At age three in 1977, Northernette earned five wins and five second-placed finishes from twelve starts. Her most important win was in the prestigious Canadian Oaks, which she won by a then-record eleven lengths. In so doing, she became the first Canadian Oaks winner to be the daughter of an Oaks winner. Northernette then went up against her male counterparts in Canada's most important race, the Queen's Plate, and finished second to Sound Reason by a half length. She also set a stakes record while winning the Selene Stakes. She was then shipped to Saratoga where she finished second in the Test Stakes, then fifth in the Alabama.
After the Alabama in August 1977, Northernette's owners sold a controlling interest in her to American Peter M. Brant. Her conditioning was then taken over by future U.S. Racing Hall of Fame trainer, Frank Whiteley, whose son David, as well as Shug McGaughey, were both working as his assistants. In her first start for her new connections, Northernette won an allowance race at Woodbine before shipping south to Laurel Park in Maryland, where she won the Grade III Chrysanthemum Handicap. She finished the year with a runner-up finish in the Grade II Firenze Handicap, losing by a nose.
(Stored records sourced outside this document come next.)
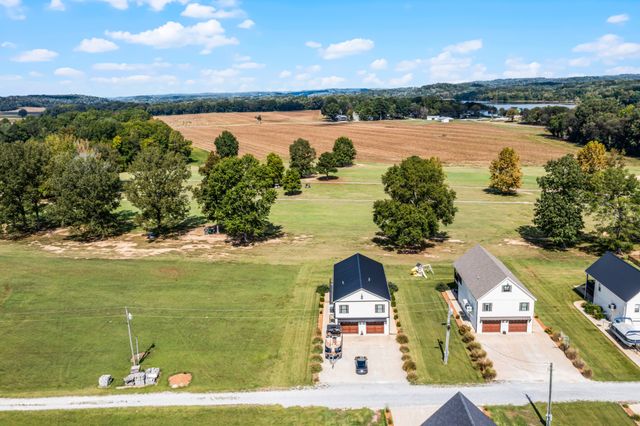 256 Fairway Villa Ln, Decaturville, TN 38329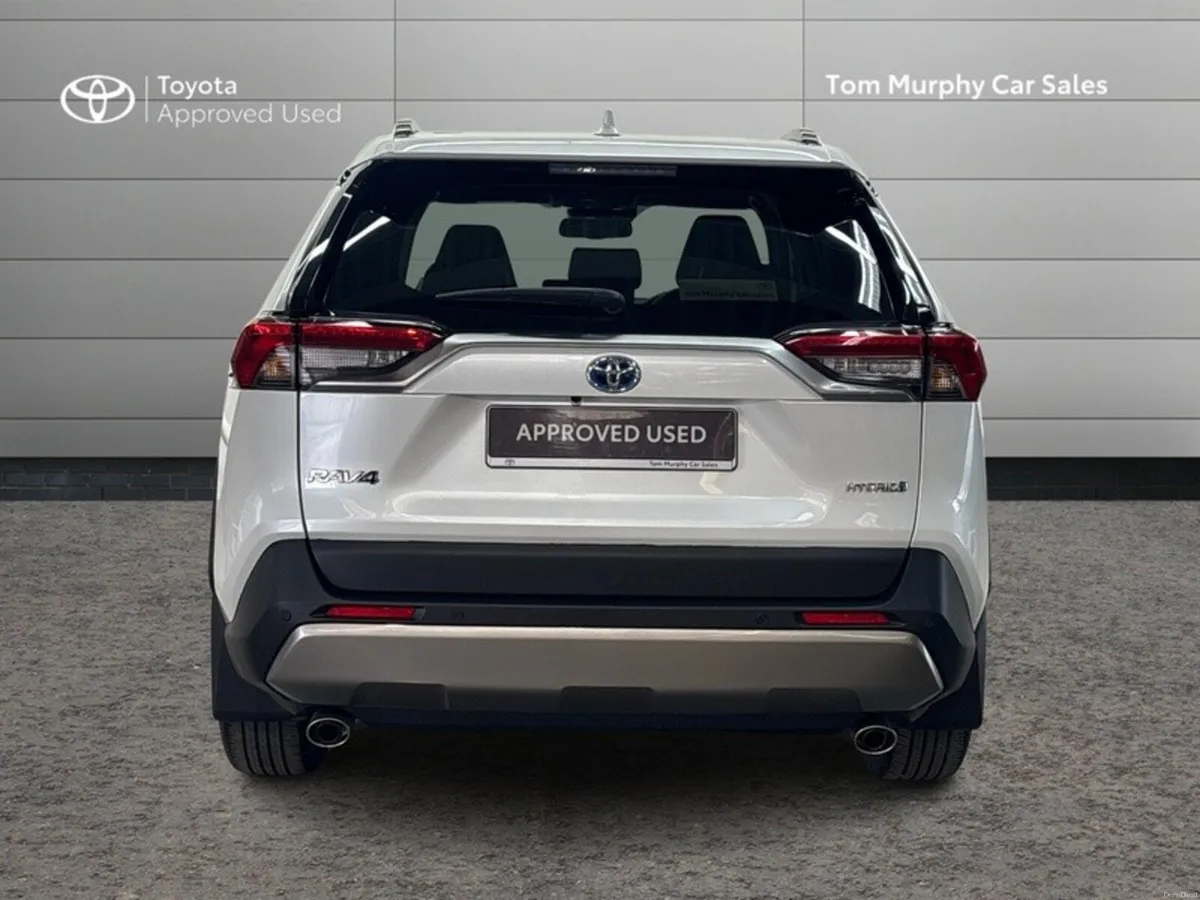 Toyota RAV4 PLATINUM HYBRID - TOP SPEC - LOW MILEA - Image 4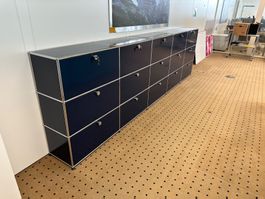 USM Sideboard Stahlblau 5x3, top Zustand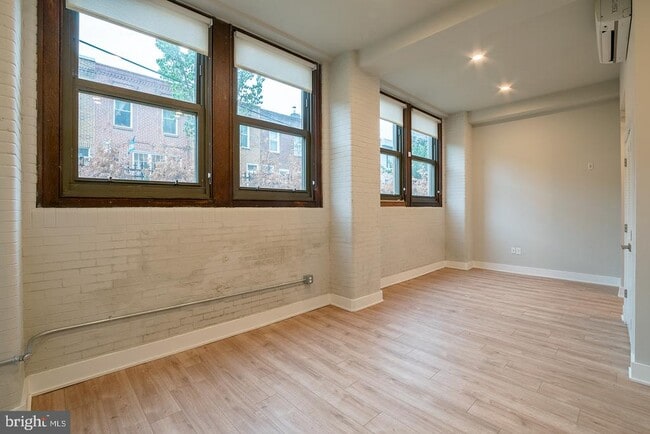 Building Photo - 1300 S 19th St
Northernette's 1977 performances earned her Canadian Champion 3-Year-Old Filly honors.
In 1978, Northernette recorded three wins and two second-place finishes from eleven starts. The highlights were her two Grade I wins, in both cases while under the care of one of Frank Whitely's assistant trainers. Under McGaughey, Northernette won the Apple Blossom Handicap at Oaklawn Park in Hot Springs, Arkansas then was sent north to Aqueduct Racetrack where David Whiteley saddled her to a win in the Top Flight Handicap. Later in the season, Northernette finished second to American Champion Three-Year-Old Filly Tempest Queen in the Spinster Stakes at Keeneland Race Course in Lexington, Kentucky.

Stud record

Retired to broodmare duty, Northernette became a successful producer, though not at the level of her dam South Ocean. Northernette's best offspring were American Grade I winner Scoot and Irish Group II winner Gold Crest, both by Mr. Prospector. Several of her daughters also became successful producers in North America, Europe and Japan. South Ocean and Northernette were both named reines-de-course, a term for influential broodmares, by pedigree expert Ellen Parker.
Northernette was inducted in the Canadian Horse Racing Hall of Fame in 1987.